Monsieur Tschuschke (à jour! 2/2022) décrit forfaitairement les gens qui ont le sentiment de faire partie du mouvement en faveur de l’équité envers les genres comme des personnes « égarées » et poursuit quelques lignes plus loin sur un mode pathologisant en mettant cette thématique de façon indifférenciée en liaison avec des troubles mentaux. Je qualifierais un tel langage de polémique. Il dévalorise les personnes.

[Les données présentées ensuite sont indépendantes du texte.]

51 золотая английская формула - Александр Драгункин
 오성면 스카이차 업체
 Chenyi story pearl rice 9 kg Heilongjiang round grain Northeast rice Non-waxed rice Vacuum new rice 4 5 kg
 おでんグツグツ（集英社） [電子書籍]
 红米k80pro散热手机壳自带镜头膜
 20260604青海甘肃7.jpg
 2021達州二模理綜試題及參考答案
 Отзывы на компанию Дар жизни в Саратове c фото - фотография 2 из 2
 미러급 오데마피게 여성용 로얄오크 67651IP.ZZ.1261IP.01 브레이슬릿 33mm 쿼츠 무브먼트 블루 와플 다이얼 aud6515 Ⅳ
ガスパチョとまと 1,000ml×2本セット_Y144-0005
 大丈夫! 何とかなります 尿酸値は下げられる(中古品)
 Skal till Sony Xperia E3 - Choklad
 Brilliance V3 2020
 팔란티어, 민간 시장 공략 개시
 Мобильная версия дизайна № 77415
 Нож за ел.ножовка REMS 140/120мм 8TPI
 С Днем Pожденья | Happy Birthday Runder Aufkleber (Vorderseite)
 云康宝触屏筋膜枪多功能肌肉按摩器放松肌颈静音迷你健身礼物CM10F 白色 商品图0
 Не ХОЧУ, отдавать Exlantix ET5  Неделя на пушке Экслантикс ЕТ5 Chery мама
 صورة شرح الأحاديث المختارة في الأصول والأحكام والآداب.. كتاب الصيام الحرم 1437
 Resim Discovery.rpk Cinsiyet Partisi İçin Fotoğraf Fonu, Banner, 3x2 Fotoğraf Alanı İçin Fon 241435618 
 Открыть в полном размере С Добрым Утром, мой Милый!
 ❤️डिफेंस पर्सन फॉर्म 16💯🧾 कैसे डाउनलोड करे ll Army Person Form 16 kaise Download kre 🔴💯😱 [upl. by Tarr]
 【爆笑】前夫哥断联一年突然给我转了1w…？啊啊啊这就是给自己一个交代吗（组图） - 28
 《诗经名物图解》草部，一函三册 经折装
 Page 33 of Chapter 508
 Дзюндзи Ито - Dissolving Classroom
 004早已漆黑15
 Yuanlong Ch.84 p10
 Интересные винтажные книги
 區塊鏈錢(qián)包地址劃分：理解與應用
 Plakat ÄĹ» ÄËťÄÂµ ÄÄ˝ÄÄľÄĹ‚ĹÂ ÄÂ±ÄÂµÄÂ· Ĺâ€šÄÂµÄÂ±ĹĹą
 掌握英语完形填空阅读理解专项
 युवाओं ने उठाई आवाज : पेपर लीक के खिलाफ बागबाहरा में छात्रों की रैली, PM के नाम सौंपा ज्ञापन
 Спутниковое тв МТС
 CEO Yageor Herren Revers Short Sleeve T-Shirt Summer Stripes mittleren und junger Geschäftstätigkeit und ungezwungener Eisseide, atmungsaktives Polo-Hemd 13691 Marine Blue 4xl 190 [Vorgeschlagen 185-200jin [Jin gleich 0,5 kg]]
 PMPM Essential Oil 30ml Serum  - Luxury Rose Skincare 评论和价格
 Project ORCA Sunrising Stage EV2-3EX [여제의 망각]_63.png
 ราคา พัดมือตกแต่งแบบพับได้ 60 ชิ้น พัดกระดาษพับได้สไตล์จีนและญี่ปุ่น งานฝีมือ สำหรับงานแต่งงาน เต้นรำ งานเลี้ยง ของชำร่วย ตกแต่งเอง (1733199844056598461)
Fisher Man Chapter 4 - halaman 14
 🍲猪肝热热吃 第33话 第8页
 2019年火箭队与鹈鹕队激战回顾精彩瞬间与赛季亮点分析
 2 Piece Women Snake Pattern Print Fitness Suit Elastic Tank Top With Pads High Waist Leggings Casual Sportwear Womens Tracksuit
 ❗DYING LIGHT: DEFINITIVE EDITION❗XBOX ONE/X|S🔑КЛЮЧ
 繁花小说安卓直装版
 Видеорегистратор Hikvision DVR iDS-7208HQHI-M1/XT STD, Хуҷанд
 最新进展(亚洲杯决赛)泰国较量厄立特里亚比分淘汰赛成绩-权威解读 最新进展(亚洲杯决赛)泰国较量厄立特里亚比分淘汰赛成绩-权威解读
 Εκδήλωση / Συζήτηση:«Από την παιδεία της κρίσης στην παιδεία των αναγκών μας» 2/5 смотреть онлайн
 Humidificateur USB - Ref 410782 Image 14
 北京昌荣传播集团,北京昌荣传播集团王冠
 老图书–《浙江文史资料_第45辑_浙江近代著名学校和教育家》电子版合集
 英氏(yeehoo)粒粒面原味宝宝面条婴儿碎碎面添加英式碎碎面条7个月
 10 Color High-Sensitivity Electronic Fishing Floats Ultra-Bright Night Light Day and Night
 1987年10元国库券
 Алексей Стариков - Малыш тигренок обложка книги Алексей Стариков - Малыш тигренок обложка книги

Madame Nauer a lancé la discussion dans le numéro d’à jour! 1/2022. Je tiens son argumentation pour problématique :

Elle affirme être « accusée de façon latente et criminalisée de façon immanente » lorsqu’elle parle sa propre langue (qui renonce au genre). Je suis frappé qu’elle agit elle-même dans le sens inverse en accusant les représentant·e·s d’une langue équitable envers les genres de terrorisme (intellectuel) en les plaçant ainsi linguistiquement dans le domaine pénal.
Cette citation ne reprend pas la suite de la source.